What to work on - Starting at the line that contains "miladiosa online show from 09/24/25, 11:35", write out every line through the last one in the records below, word for word. Leave out any pictures.

Excerpts from a dataset:

----------

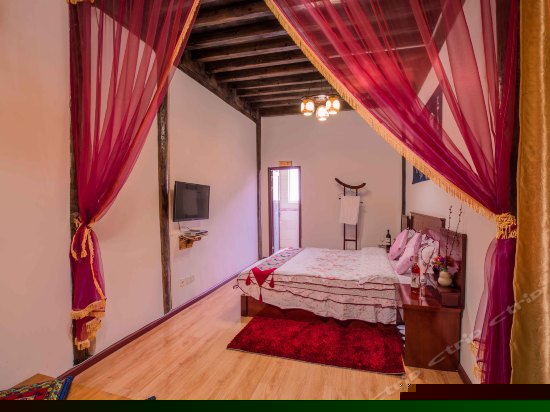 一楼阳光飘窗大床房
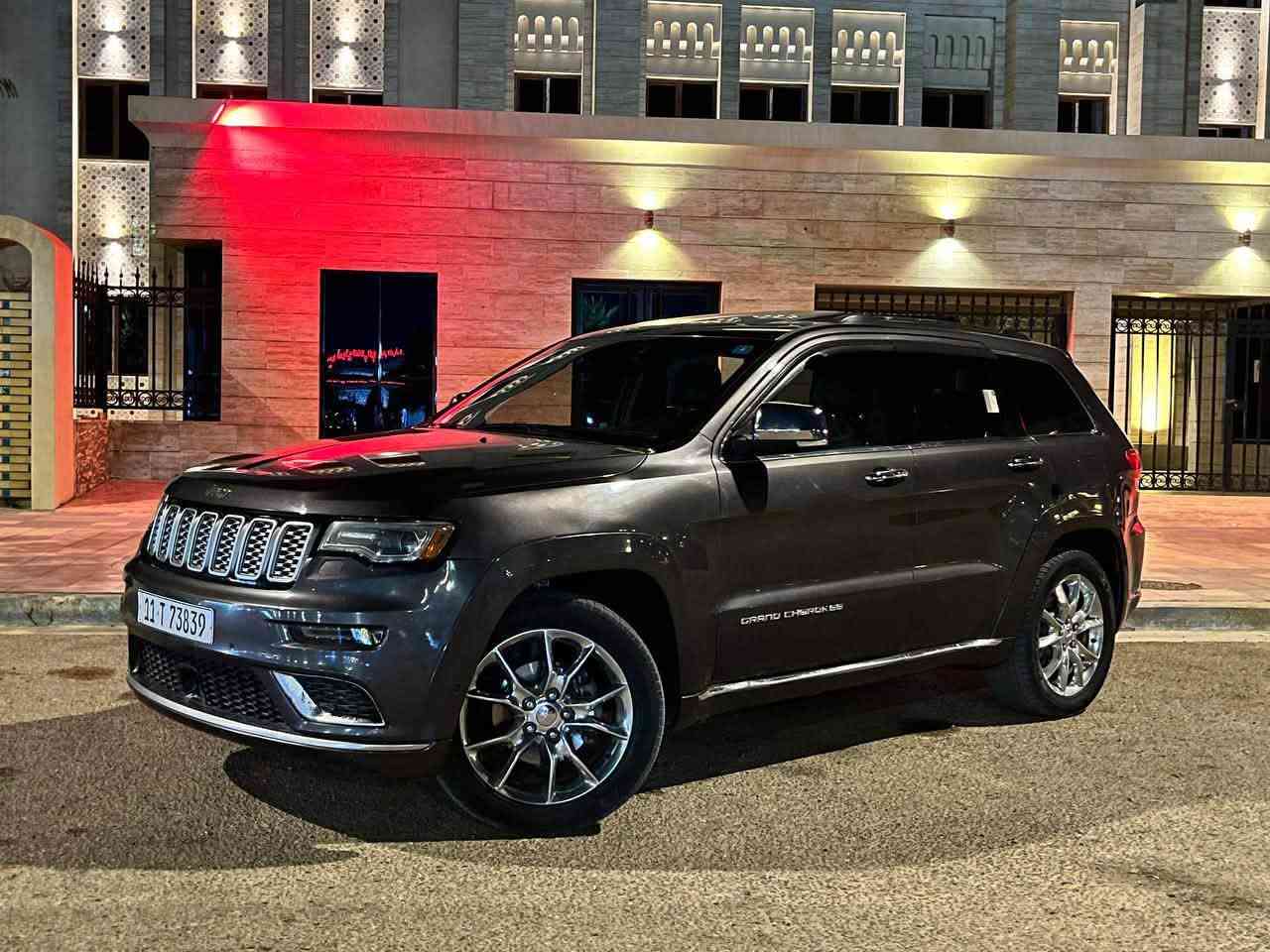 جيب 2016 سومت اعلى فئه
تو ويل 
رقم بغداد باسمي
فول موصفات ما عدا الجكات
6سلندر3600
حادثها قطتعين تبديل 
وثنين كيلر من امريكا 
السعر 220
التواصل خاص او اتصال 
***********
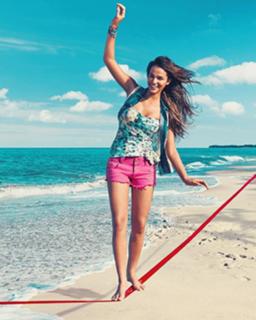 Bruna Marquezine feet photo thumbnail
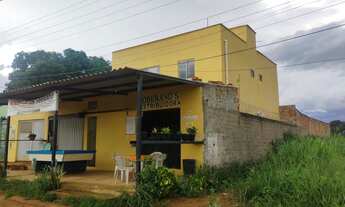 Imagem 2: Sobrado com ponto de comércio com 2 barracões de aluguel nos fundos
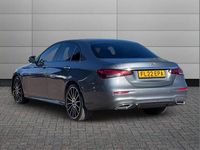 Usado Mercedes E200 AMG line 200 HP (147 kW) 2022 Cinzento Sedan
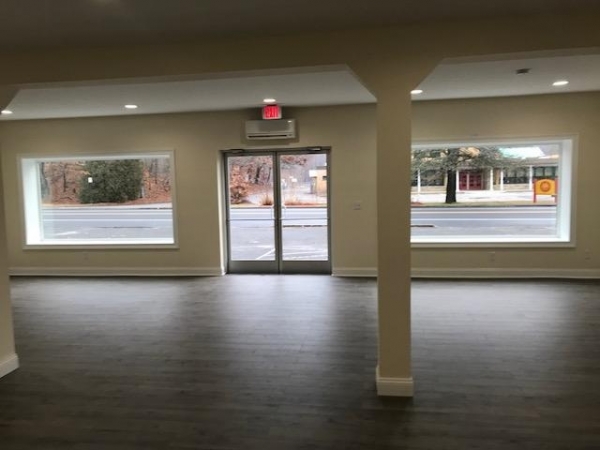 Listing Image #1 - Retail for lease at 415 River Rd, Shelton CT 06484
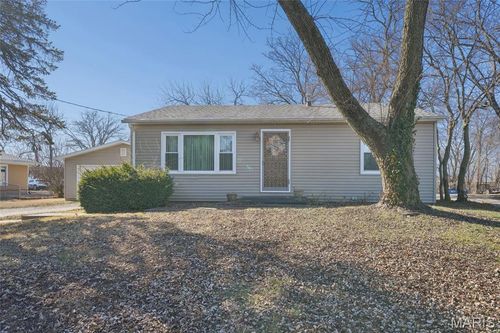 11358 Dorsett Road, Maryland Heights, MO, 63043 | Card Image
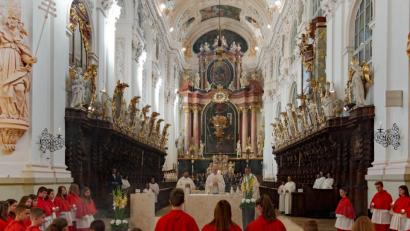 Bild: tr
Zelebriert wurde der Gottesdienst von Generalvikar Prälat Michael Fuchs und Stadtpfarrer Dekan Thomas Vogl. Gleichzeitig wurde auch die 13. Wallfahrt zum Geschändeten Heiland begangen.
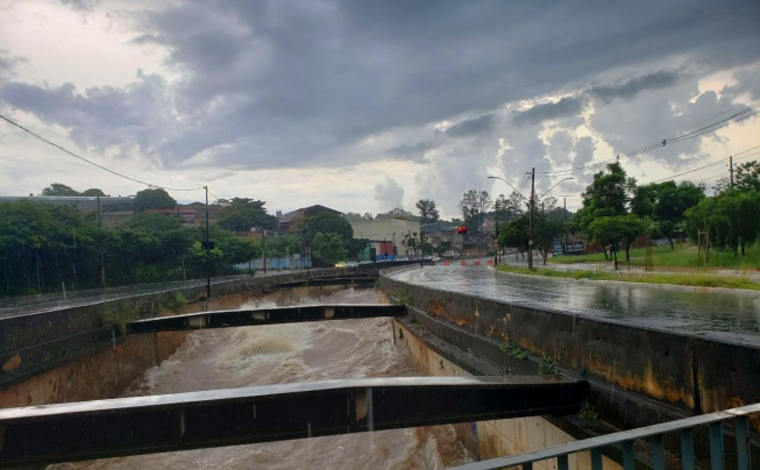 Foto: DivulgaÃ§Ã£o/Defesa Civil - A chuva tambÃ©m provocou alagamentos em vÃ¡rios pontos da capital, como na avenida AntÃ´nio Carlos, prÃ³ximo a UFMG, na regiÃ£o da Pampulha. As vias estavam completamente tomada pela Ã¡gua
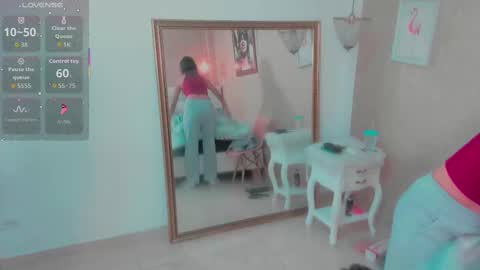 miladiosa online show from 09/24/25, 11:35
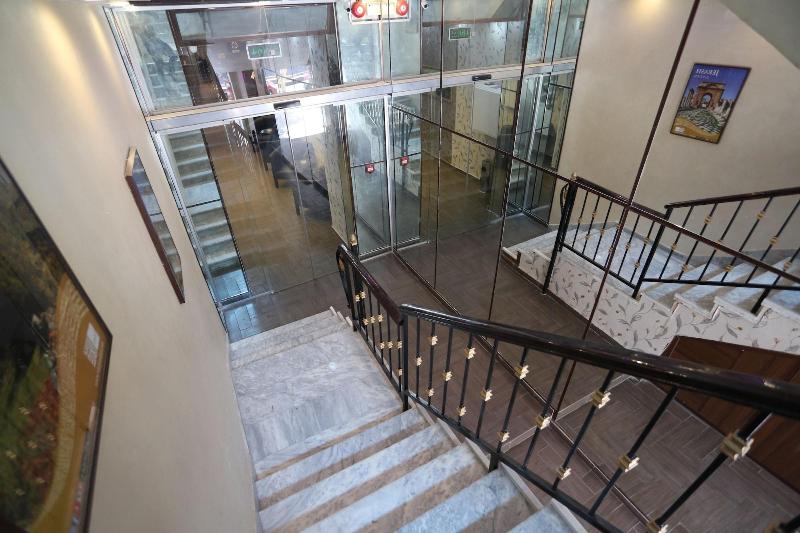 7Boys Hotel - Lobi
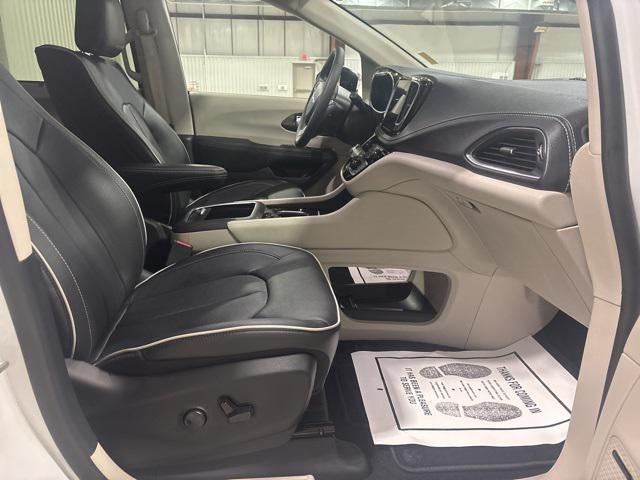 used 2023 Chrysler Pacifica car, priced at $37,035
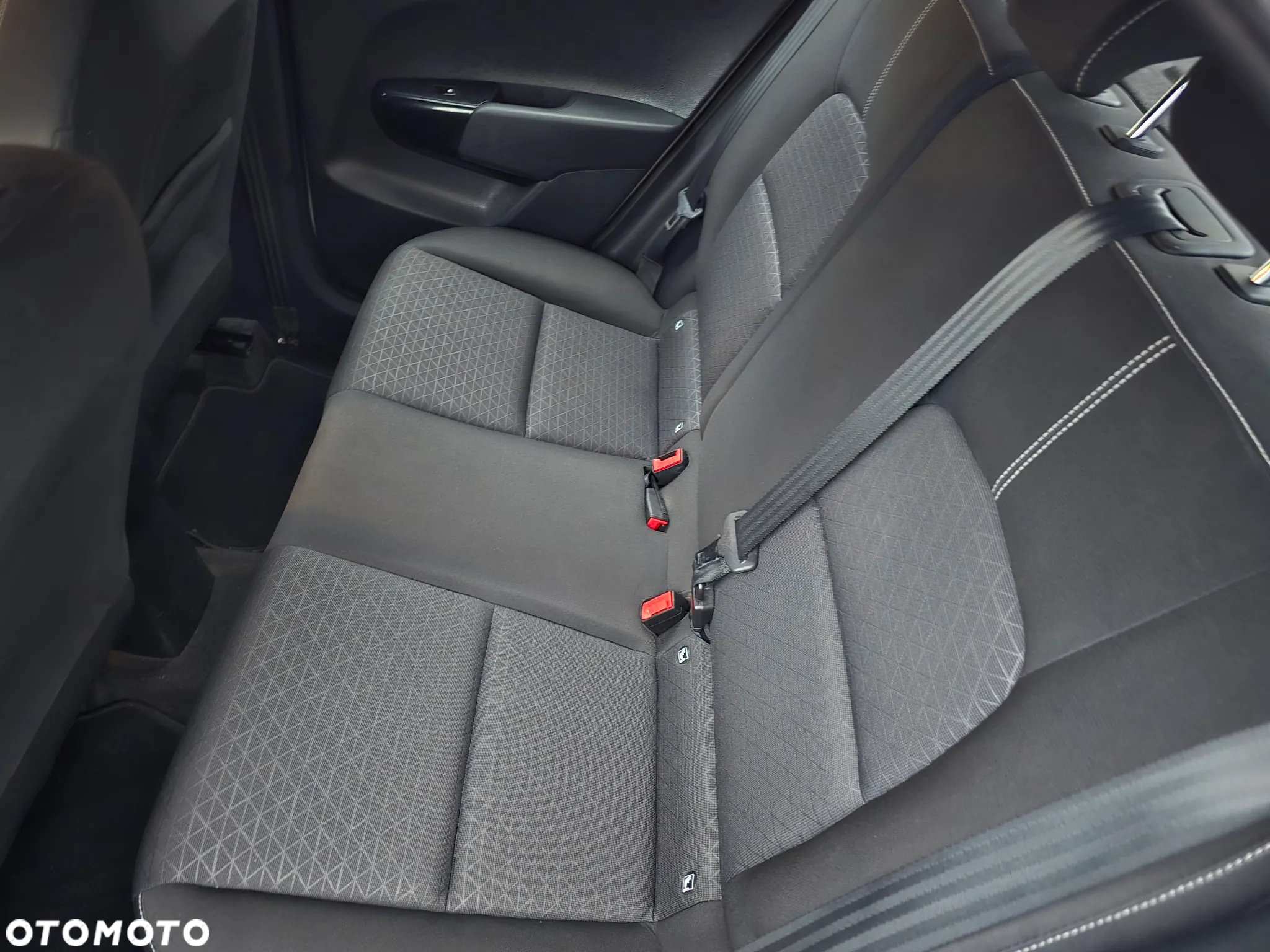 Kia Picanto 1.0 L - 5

----------

Task solution -
 miladiosa online show from 09/24/25, 11:35
 7Boys Hotel - Lobi
 used 2023 Chrysler Pacifica car, priced at $37,035
 Kia Picanto 1.0 L - 5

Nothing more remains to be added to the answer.